The new version 4.0 firmware for the PXW-FS5 brings a new lower base ISO range to the camera. This very slightly reduces noise levels in the pictures. If you use “gain” in dB to indicate your gain level, then you shouldn’t have any problems, +6dB is still +6dB and will be twice as noisy as 0dB. However if you use ISO to indicate your gain level then be aware that as the base sensitivity is now lower, if you use the same ISO with version 4 as you did with version 3 you will be adding more gain than before.

Version 3 ISO  in black, version 4 ISO in Blue

Standard 1000 ISO – 800 ISO
Still 800 ISO- 640 ISO
Cinegamma 1  800 ISO – 640 ISO
Cinegamma 2  640 ISO – 500 ISO
Cinegamma 3  1000 ISO – 800 ISO
Cinegamma 4  1000 ISO – 800 ISO
ITU709 1000 ISO – 800 ISO
ITU709(800) 3200 ISO – 2000 ISO
S-Log2 3200 ISO – 3200/2000 ISO
S-Log3 3200 ISO- 3200/2000 ISO

At 0dB or the base ISO these small changes (a little under 3dB) won’t make much difference because the noise levels are pretty low in either case. But at higher gain levels the difference is more noticeable.

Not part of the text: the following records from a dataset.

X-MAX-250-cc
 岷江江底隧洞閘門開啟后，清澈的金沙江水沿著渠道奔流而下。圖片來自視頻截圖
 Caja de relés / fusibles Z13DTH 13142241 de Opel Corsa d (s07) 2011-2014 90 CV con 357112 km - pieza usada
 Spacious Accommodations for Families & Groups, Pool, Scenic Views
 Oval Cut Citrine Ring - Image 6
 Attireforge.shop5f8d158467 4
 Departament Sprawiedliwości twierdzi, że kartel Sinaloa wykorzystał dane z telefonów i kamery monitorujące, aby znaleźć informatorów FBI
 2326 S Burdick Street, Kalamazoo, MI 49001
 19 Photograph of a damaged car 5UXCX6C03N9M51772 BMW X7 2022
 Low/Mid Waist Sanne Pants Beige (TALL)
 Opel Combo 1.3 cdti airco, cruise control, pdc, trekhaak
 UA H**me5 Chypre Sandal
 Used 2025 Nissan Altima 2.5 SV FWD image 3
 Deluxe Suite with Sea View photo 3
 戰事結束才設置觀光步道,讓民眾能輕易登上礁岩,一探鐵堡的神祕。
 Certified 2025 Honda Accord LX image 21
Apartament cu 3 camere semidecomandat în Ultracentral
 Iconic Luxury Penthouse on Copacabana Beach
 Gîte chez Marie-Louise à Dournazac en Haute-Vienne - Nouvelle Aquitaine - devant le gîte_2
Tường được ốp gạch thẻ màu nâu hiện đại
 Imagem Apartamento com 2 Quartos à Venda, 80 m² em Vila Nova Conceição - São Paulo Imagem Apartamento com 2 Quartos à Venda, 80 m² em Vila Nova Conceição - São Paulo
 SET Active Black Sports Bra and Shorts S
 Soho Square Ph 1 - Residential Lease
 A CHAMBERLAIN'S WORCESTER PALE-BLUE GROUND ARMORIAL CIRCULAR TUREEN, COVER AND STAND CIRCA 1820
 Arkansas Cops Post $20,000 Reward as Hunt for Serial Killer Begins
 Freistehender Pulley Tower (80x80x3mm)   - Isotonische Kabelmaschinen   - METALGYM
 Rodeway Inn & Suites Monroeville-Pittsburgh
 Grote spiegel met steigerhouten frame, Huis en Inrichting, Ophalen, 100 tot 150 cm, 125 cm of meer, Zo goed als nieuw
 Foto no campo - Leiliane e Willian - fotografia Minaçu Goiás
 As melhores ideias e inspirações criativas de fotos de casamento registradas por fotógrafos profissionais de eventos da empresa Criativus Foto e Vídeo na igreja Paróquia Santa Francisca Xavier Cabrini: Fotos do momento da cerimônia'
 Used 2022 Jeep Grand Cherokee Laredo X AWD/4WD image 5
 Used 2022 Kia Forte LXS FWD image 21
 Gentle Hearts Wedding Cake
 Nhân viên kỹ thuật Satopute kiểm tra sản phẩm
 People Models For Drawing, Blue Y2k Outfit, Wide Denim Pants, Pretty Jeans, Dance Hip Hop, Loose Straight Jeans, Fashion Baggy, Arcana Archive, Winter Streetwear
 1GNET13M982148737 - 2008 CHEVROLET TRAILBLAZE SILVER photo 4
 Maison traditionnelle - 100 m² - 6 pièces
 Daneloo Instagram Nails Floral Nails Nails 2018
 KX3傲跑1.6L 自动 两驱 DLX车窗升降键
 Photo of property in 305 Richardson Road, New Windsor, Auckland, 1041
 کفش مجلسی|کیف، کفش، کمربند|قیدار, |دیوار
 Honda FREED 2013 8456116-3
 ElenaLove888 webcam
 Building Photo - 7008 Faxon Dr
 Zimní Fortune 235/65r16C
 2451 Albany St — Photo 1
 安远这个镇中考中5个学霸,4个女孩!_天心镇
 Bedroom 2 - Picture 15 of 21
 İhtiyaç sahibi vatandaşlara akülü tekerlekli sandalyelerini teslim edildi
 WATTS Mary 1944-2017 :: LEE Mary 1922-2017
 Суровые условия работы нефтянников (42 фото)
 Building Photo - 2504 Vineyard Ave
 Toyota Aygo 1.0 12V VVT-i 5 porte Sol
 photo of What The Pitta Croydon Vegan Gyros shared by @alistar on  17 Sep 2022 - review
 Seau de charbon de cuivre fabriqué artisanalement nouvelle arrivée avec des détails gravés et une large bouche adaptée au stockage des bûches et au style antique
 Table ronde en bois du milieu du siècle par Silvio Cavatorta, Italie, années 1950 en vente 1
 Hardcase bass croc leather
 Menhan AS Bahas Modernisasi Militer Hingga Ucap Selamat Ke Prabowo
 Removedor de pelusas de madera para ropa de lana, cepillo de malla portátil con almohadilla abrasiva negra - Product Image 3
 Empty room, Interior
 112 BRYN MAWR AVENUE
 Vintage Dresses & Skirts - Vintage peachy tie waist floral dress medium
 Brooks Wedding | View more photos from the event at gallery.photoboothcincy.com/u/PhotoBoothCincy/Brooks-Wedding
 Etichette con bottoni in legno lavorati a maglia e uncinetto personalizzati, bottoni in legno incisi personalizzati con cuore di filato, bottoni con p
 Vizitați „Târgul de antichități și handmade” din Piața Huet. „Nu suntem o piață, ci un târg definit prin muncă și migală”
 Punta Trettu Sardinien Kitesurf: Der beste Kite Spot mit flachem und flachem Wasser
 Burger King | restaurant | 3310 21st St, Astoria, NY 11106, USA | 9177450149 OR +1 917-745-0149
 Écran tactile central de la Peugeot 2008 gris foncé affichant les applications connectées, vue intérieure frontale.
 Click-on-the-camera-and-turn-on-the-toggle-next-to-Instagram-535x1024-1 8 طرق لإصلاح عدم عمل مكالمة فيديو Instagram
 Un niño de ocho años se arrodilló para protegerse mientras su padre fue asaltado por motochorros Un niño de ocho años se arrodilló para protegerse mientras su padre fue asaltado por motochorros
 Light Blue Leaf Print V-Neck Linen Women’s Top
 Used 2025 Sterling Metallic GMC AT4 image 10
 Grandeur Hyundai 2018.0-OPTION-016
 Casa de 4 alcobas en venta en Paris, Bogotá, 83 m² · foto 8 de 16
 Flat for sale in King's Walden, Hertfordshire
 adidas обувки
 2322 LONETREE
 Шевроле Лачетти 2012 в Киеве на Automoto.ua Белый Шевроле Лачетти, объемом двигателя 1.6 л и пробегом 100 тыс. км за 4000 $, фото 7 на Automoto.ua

For example if you  often used Cinegamma 1 at 3200 ISO with Version 3 you would be adding 12dB gain and the pictures would be approx 4x noisier than the base ISO.

With Version 4, 3200 ISO with Cinegamma 1 is an extra 15dB gain and you will have pictures approx 6 time noisier than the base ISO.

Having said that, because 0dB in version 4 is now a little less noisy than in version 3, 3200 ISO in V3 looks quite similar to 3200 ISO in version 4 even though you are adding a bit more gain.